The launch arrives amid a broader convergence in the creator platform market. Substack added its own podcast hosting years ago and has since expanded into social features and video. Beehiiv, which raised a $33 million Series B from Lightspeed Venture Partners and NEA in April 2024, has countered by acquiring website-building startup Typedream and now adding audio.

Semafor reported that beehiiv had been privately recruiting independent podcasters from Substack and other platforms ahead of the launch, offering to waive fees for select founding members. Denk described Substack as having shifted “from disruptor to incumbent,” while Substack co-founder Hamish McKenzie told Semafor he did not view beehiiv as a threat.

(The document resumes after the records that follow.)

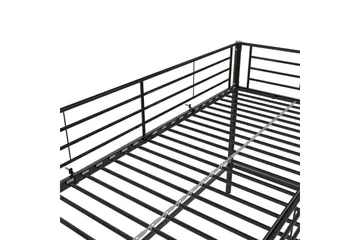 Våningssäng Jodie Svart - Svart - Möbler - Barnmöbler - Barnsäng & juniorsäng - Loftsäng barn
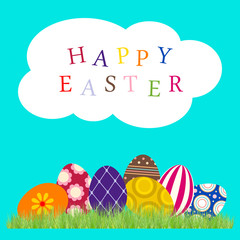 Easter eggs, vector illustration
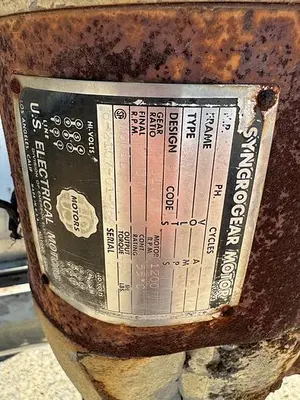 Screen, Rotary, 18" X 30", Stainless Steel, 1/3 HP, #5880244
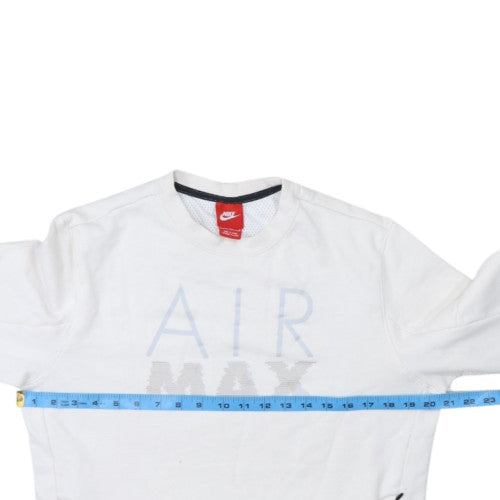 Nike Mens White Air Max Crew Neck Sweatshirt Size M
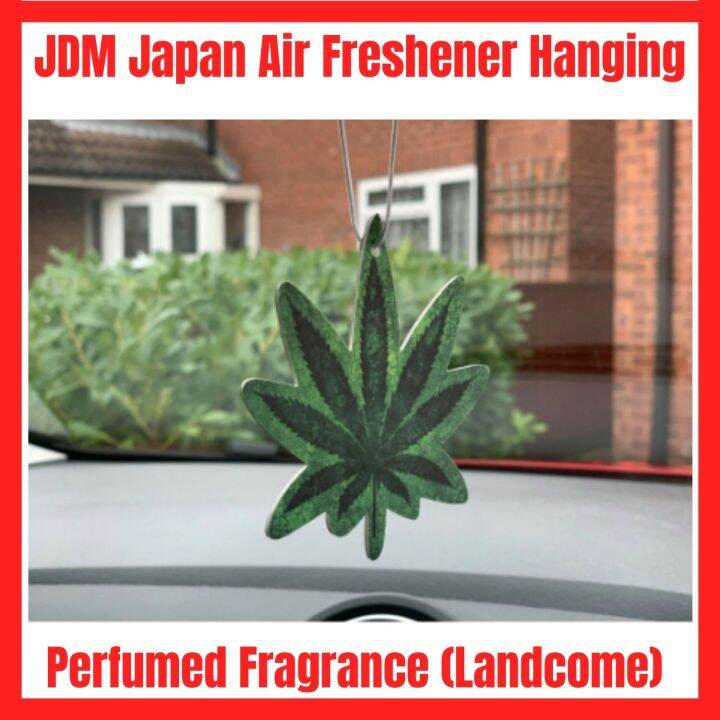 JDM Japan Green Leaves Badge Car Paper Air Freshener Auto Hanging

Meanwhile, the podcast hosting landscape itself is in flux. Rebel Audio, a new AI-native hosting platform, launched in March with $3.8 million in funding and AI voice cloning for host-read ads. Spotify expanded its Partner Program in January, lowering eligibility thresholds and introducing a Distribution API that lets creators on Acast, Audioboom, Libsyn, Omny, and Podigee monetize video on Spotify without switching hosts.

What We Don’t Know

Beehiiv has not disclosed how many of its 50,000-plus active users currently operate podcasts or how many creators have committed to the new hosting tools. The company’s planned expansion of its ad network into podcast inventory lacks a firm timeline beyond “coming months.” Whether beehiiv’s IAB certification process will be complete before major advertisers begin buying podcast inventory on the platform also remains unclear.

The deeper question is whether bundling newsletters, websites, and podcasts under one platform creates enough value to pull established podcasters away from dedicated hosting services that offer deeper integrations with advertising exchanges and programmatic ad marketplaces.